> **ABOUT THIS EXERCISE**
The lines from the first line of the entries through the line containing "Radiator pasiv subwoofer" are to be repeated exactly, with both of those lines included.

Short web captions

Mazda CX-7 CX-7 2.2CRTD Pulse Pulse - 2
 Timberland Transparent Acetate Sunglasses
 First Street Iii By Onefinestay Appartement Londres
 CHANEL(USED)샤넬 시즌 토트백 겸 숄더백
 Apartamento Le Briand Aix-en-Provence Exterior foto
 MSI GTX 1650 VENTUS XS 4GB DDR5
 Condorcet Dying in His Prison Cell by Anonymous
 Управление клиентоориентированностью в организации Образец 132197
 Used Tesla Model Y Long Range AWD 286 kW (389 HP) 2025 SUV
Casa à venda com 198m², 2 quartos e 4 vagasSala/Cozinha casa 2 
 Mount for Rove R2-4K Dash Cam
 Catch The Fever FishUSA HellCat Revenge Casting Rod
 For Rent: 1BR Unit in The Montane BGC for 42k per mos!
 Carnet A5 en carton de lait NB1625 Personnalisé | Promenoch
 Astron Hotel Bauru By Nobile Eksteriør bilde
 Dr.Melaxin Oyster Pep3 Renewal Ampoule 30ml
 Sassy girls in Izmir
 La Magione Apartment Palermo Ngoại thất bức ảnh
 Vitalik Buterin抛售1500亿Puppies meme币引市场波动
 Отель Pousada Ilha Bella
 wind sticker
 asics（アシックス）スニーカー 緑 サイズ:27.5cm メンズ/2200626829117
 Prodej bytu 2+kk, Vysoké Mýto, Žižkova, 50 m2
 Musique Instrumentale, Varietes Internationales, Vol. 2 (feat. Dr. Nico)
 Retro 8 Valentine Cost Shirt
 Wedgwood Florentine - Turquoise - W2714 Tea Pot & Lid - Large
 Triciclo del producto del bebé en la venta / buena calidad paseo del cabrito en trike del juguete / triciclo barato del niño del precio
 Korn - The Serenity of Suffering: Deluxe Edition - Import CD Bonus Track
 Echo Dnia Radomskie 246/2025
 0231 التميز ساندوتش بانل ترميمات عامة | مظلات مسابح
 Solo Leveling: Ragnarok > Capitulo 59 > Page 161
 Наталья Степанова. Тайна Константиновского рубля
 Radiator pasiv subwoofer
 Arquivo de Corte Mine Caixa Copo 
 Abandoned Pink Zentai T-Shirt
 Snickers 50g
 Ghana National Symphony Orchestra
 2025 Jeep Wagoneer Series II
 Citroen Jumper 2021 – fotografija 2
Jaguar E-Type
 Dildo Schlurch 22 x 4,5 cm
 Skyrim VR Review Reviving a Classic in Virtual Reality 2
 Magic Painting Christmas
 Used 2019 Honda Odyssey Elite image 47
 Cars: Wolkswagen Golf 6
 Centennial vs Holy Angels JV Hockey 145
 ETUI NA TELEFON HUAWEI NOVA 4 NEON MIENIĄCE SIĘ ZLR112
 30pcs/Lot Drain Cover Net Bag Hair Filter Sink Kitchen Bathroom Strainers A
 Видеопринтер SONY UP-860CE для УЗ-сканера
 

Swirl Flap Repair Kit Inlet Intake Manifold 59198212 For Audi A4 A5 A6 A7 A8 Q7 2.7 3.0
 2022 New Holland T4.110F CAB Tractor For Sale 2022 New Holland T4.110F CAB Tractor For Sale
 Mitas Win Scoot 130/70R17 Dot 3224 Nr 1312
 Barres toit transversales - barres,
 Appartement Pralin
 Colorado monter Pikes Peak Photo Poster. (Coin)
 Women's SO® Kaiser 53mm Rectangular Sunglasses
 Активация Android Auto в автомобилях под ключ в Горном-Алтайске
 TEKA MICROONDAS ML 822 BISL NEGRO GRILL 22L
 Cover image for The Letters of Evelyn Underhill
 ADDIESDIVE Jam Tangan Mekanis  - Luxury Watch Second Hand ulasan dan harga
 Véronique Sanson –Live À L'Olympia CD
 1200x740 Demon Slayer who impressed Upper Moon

> **WRITTEN ANSWER**
Mazda CX-7 CX-7 2.2CRTD Pulse Pulse - 2
 Timberland Transparent Acetate Sunglasses
 First Street Iii By Onefinestay Appartement Londres
 CHANEL(USED)샤넬 시즌 토트백 겸 숄더백
 Apartamento Le Briand Aix-en-Provence Exterior foto
 MSI GTX 1650 VENTUS XS 4GB DDR5
 Condorcet Dying in His Prison Cell by Anonymous
 Управление клиентоориентированностью в организации Образец 132197
 Used Tesla Model Y Long Range AWD 286 kW (389 HP) 2025 SUV
Casa à venda com 198m², 2 quartos e 4 vagasSala/Cozinha casa 2 
 Mount for Rove R2-4K Dash Cam
 Catch The Fever FishUSA HellCat Revenge Casting Rod
 For Rent: 1BR Unit in The Montane BGC for 42k per mos!
 Carnet A5 en carton de lait NB1625 Personnalisé | Promenoch
 Astron Hotel Bauru By Nobile Eksteriør bilde
 Dr.Melaxin Oyster Pep3 Renewal Ampoule 30ml
 Sassy girls in Izmir
 La Magione Apartment Palermo Ngoại thất bức ảnh
 Vitalik Buterin抛售1500亿Puppies meme币引市场波动
 Отель Pousada Ilha Bella
 wind sticker
 asics（アシックス）スニーカー 緑 サイズ:27.5cm メンズ/2200626829117
 Prodej bytu 2+kk, Vysoké Mýto, Žižkova, 50 m2
 Musique Instrumentale, Varietes Internationales, Vol. 2 (feat. Dr. Nico)
 Retro 8 Valentine Cost Shirt
 Wedgwood Florentine - Turquoise - W2714 Tea Pot & Lid - Large
 Triciclo del producto del bebé en la venta / buena calidad paseo del cabrito en trike del juguete / triciclo barato del niño del precio
 Korn - The Serenity of Suffering: Deluxe Edition - Import CD Bonus Track
 Echo Dnia Radomskie 246/2025
 0231 التميز ساندوتش بانل ترميمات عامة | مظلات مسابح
 Solo Leveling: Ragnarok > Capitulo 59 > Page 161
 Наталья Степанова. Тайна Константиновского рубля
 Radiator pasiv subwoofer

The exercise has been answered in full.